I worked on the BeOS, where we used threads out the wazoo. We made threads very, very cheap, but in the end, we were still actually too heavy on threads in our designs -- live and learn.

A typical threaded server design proposal looks something like:

  • Task Scheduler Thread
  • Socket Reader Thread
  • Processing Thread
  • Socket Writer Thread

Here is a proposal that implements the same functionality in a single thread.


  for(;;) {
    while( (t = next_event_time()) <= now() ) {
      remove_and_run_one_event();
    }
    // this if() and the next while() can be combined with select()
    if( there_is_no_input_data() && outgoing_queue_is_empty() ) {
      sleep_until_there_is_data_or_time_happens( t );
    }
    while( there_is_more_input_data() ) {
      read_data_from_socket();
      put_data_in_todo_queue();
    }
    while( todo_queue_is_not_empty() ) {
      remove_and_run_one_todo_item();
    }
    while( outgoing_queue_is_not_empty() && outgoing_socket_is_writable() ) {
      remove_and_send_from_outgoing_queue();
    }
  }

This approach accomplishes the same thing, but it does it without the subtle race conditions and synchronization penalties that come from a threaded design.

There is a danger that scheduled tasks will be started after their scheduled time. The total time they could be delayed by is the sum of time it takes to read things from input, process them, and send to the output. However, this is a bounded amount of time, and on a single-CPU system, this bound is lower than the maximum latency you'd get with a four-thread program on a dual-CPU system in the worst case. If you need near-real-time scheduled tasks, then a general-purpose OS may not be your best choice.
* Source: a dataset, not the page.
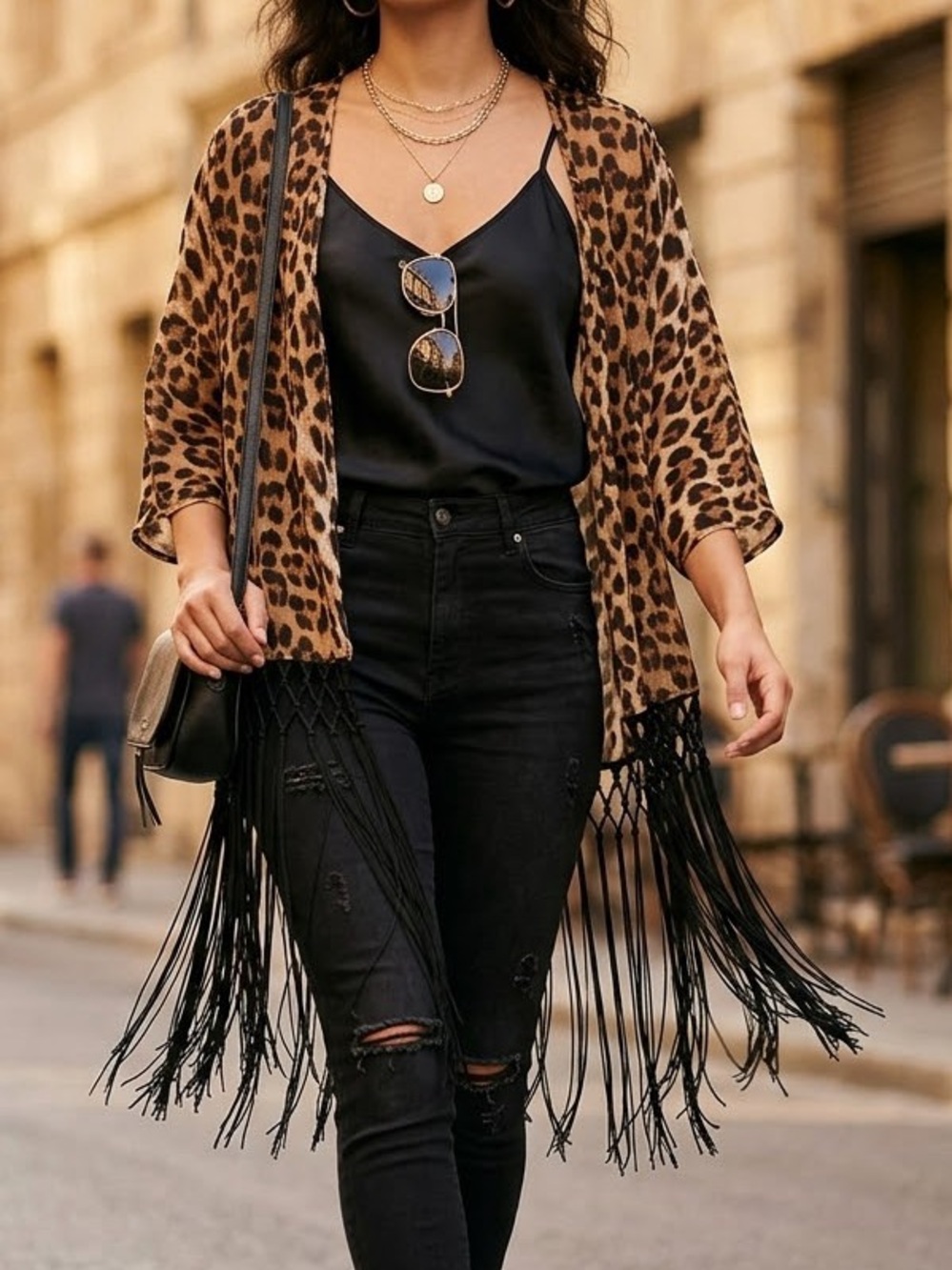 ARK & CO. LEOPARD FRINGE KIMONO size S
If you still need this, then perhaps those special tasks should actually go in their own thread, because that might be one of the special cases...
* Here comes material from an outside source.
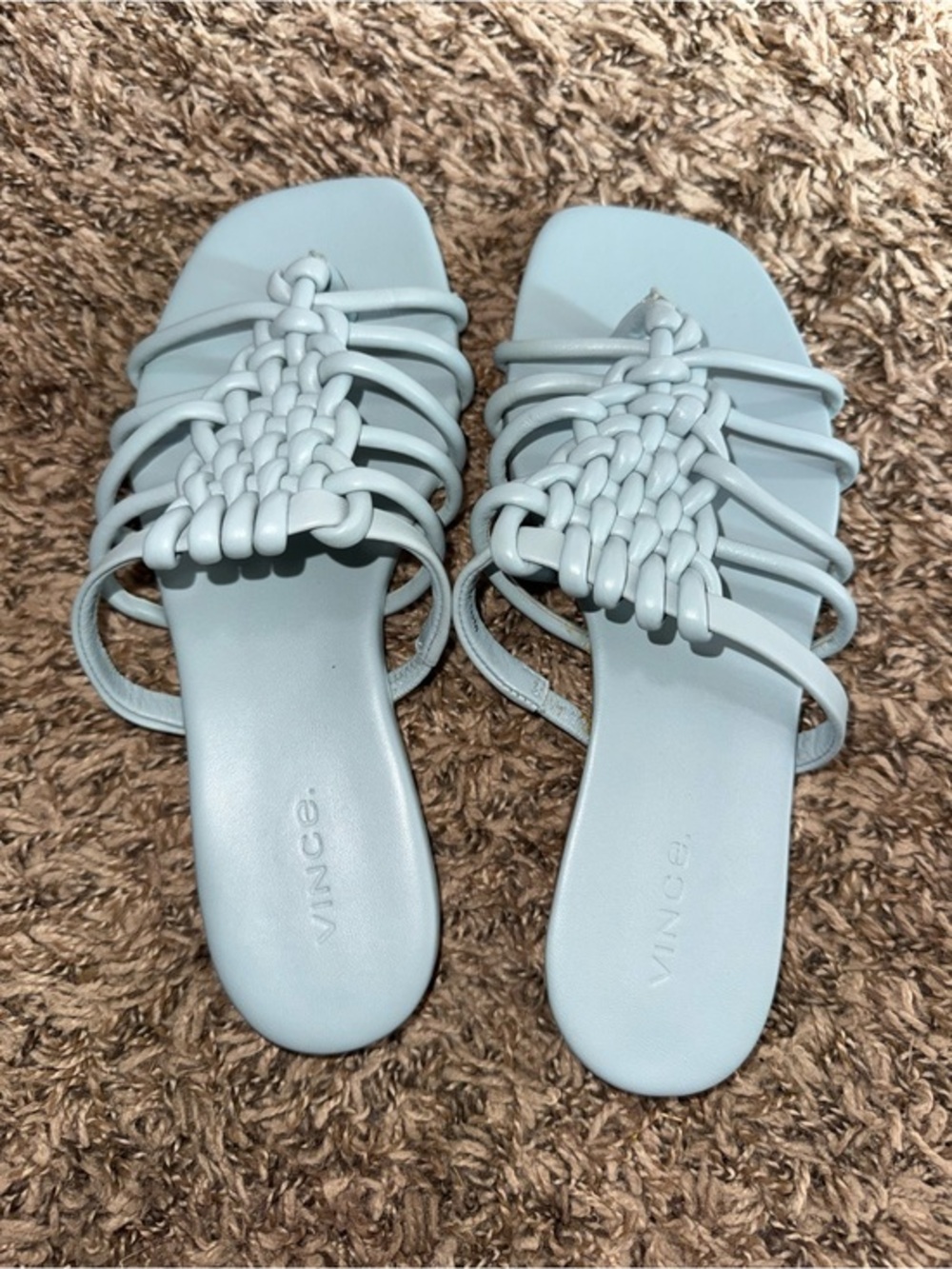 ✨New✨ VINCE. Womens Blue Dae Square Toe Block Heel Slip On Leather Slide Sandals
When should you use threads?

I've seen threads really work well in the following cases:

  • For scientific computing that's CPU bound, not memory bound, on multi-CPU systems.
  • For turning synchronous system APIs (gethostbyname(), file I/O etc) into asynchronous APIs.
  • For very-low-latency tasks that are device dependent, such as feeding sound cards or tracking the mouse. However, this typically happens in the OS, and the API at the user level is properly asynchronous.
  • When there are truly independent tasks in an application that don't need to talk to each other; i e a word processor with two separate documents open.

It's clear that future CPUs will be heavily multi-cored. However, taking true advantage of that functionality means a completely new programming paradigm of some sort. Languages like Erlang, or structures like the Actor (which carries an operation between data instances), or systems based on many independent state machines might be a better approach than a naive threading of an application.